◆ Work item
Everything from the line with "AURALEE Cashmere Moleskin" to the end of the entries should be set down exactly, except the pictures.

══════

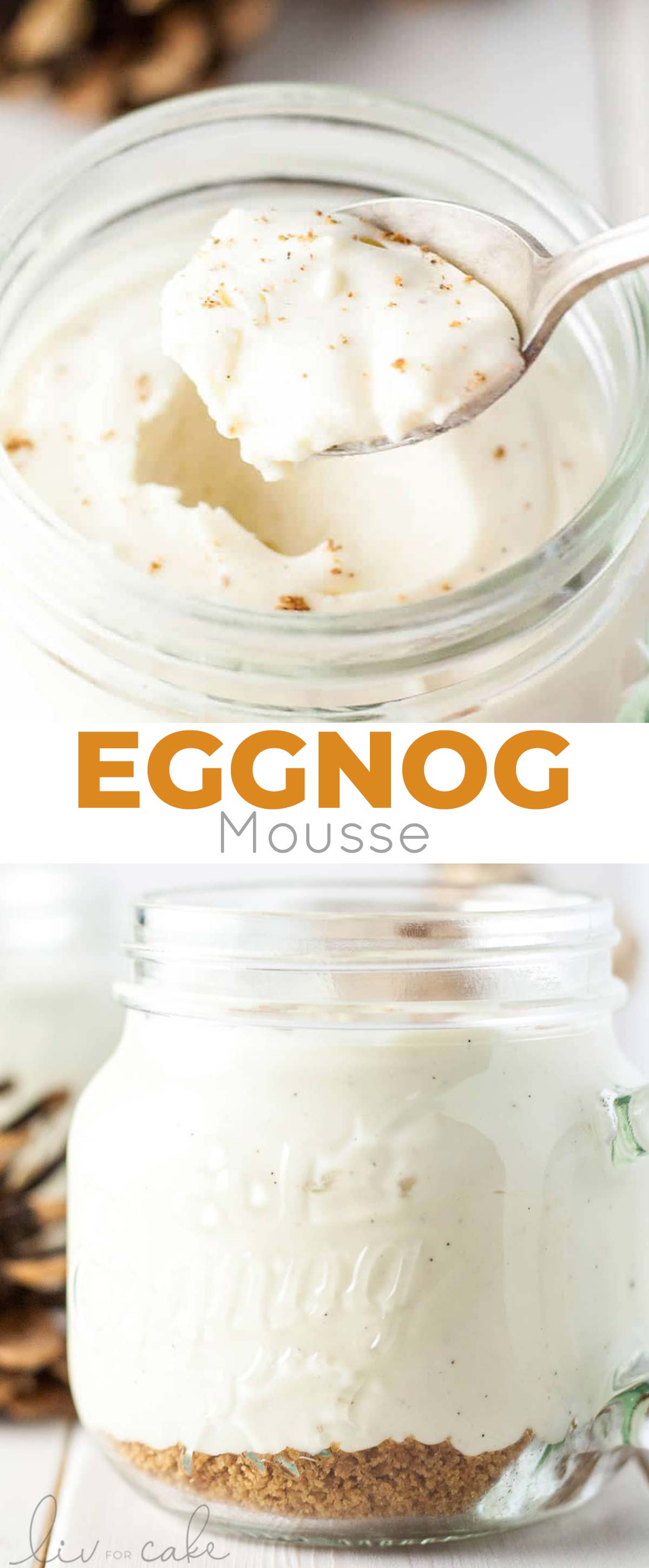 eggnog mousse collage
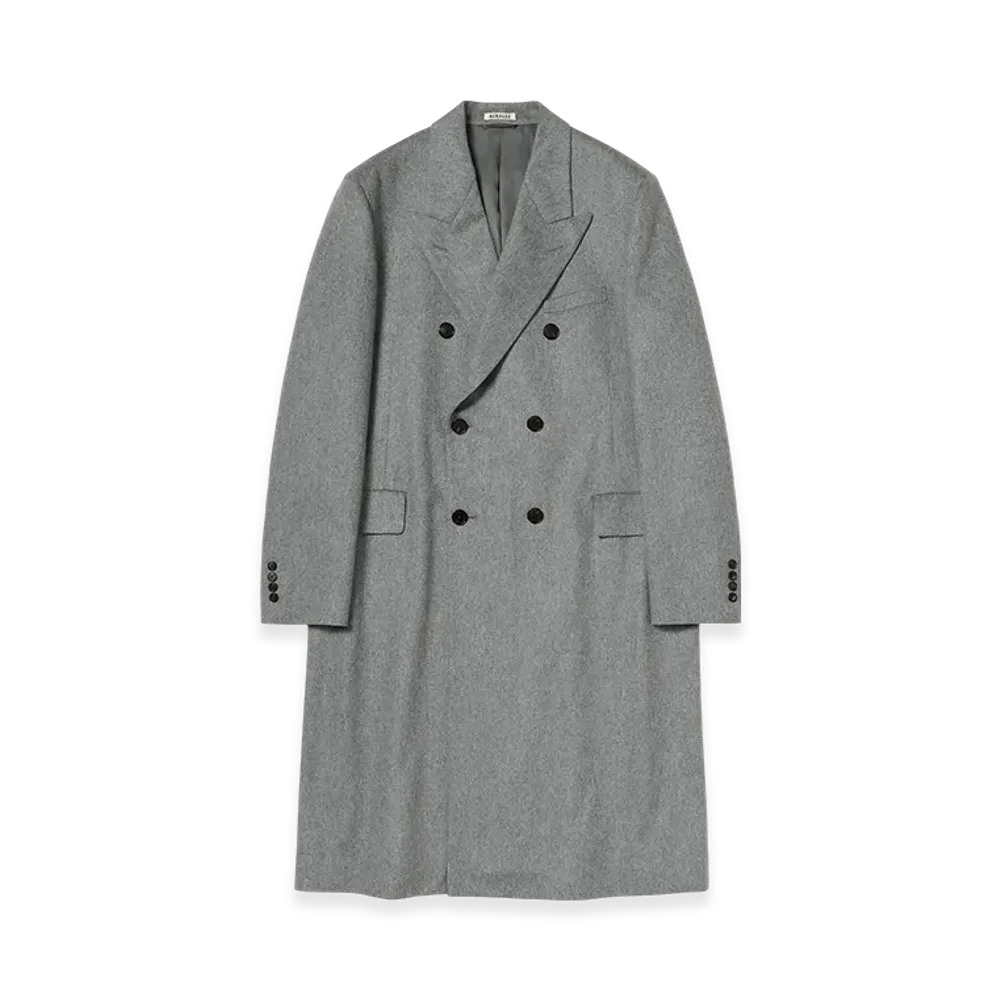 AURALEE Cashmere Moleskin Coat "Top Gray"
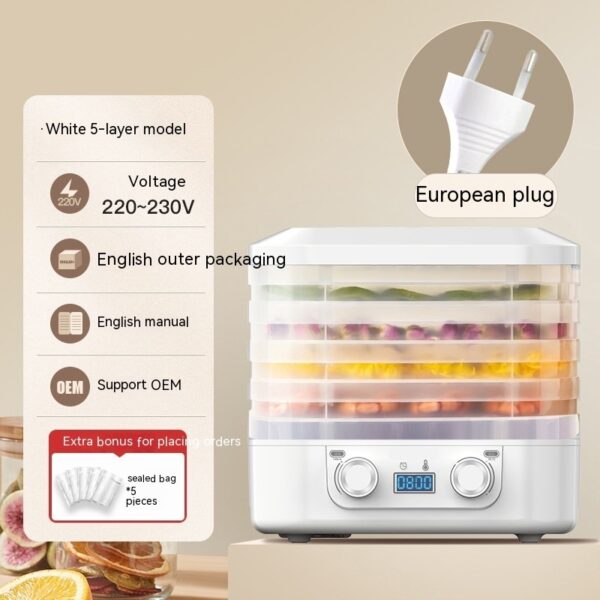 Fruit Dehydrator Household Food Snacks Drying Apparatus Food Drying - Image 2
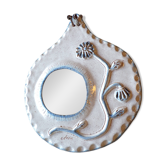 Vintage ceramic mirror signed adia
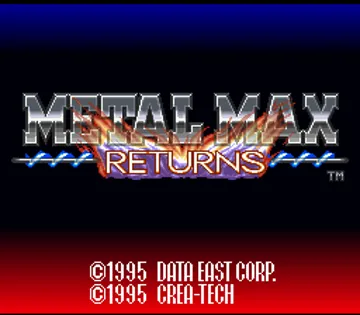 Metal Max Returns (Japan) screen shot title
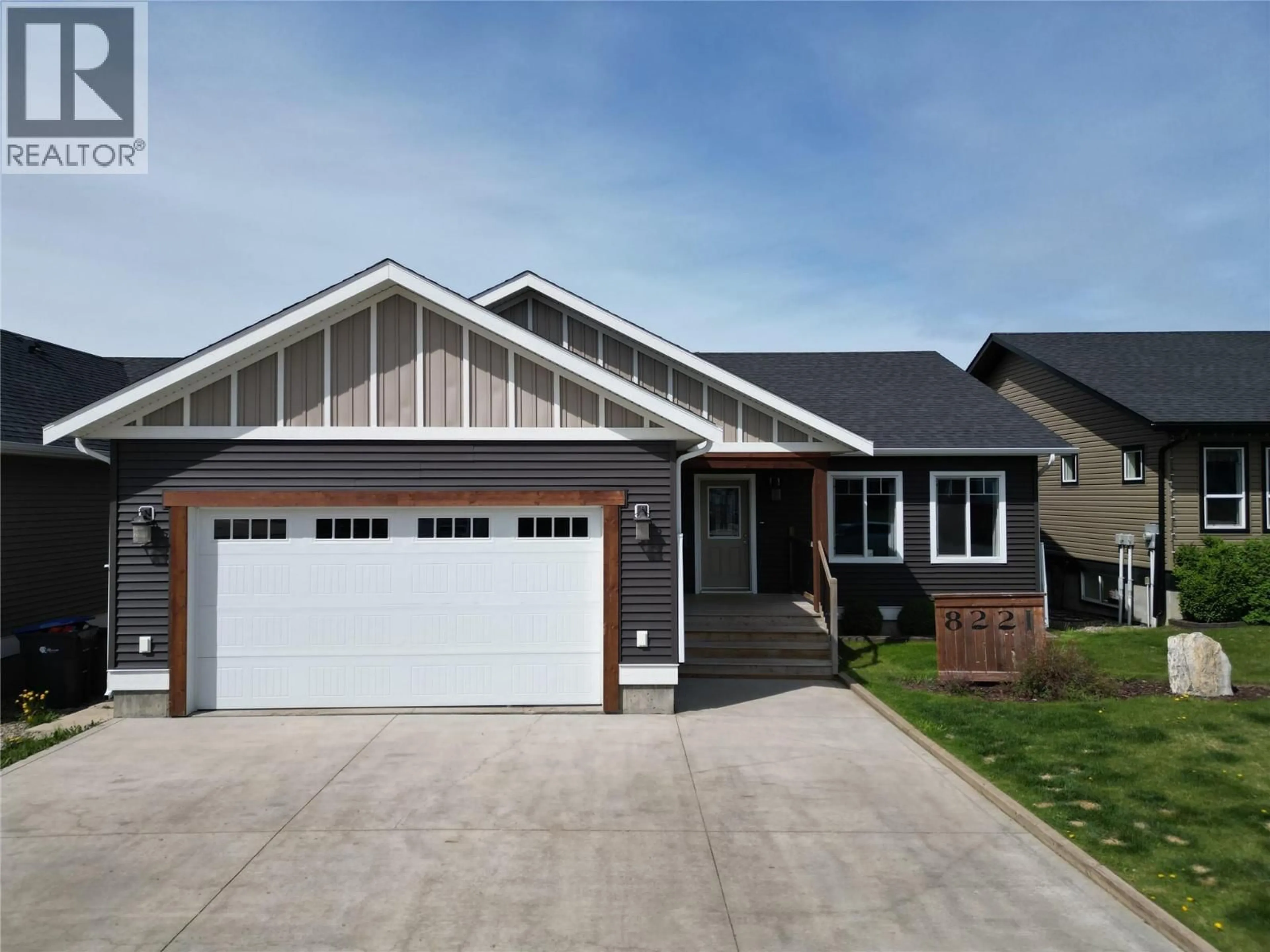 Home with brick exterior material, street for 8221 19A STREET, Dawson Creek British Columbia V1G0J6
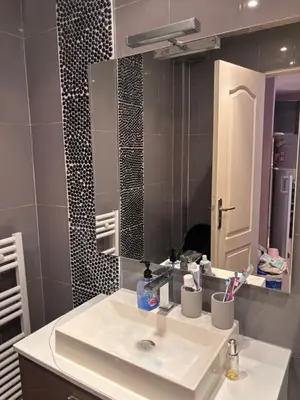 Salle de bains dans l'établissement Studio Palais Rouaze-50m de la Croisette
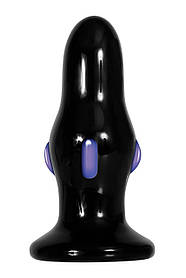 Анальна пробка скляна з вібрацією A&E REAR ROCKER VIBRATING GLASS ANAL PLUG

══════

◆ Exercise output
 AURALEE Cashmere Moleskin Coat "Top Gray"
 Fruit Dehydrator Household Food Snacks Drying Apparatus Food Drying - Image 2
 Vintage ceramic mirror signed adia
 Metal Max Returns (Japan) screen shot title
 Home with brick exterior material, street for 8221 19A STREET, Dawson Creek British Columbia V1G0J6
 Salle de bains dans l'établissement Studio Palais Rouaze-50m de la Croisette
 Анальна пробка скляна з вібрацією A&E REAR ROCKER VIBRATING GLASS ANAL PLUG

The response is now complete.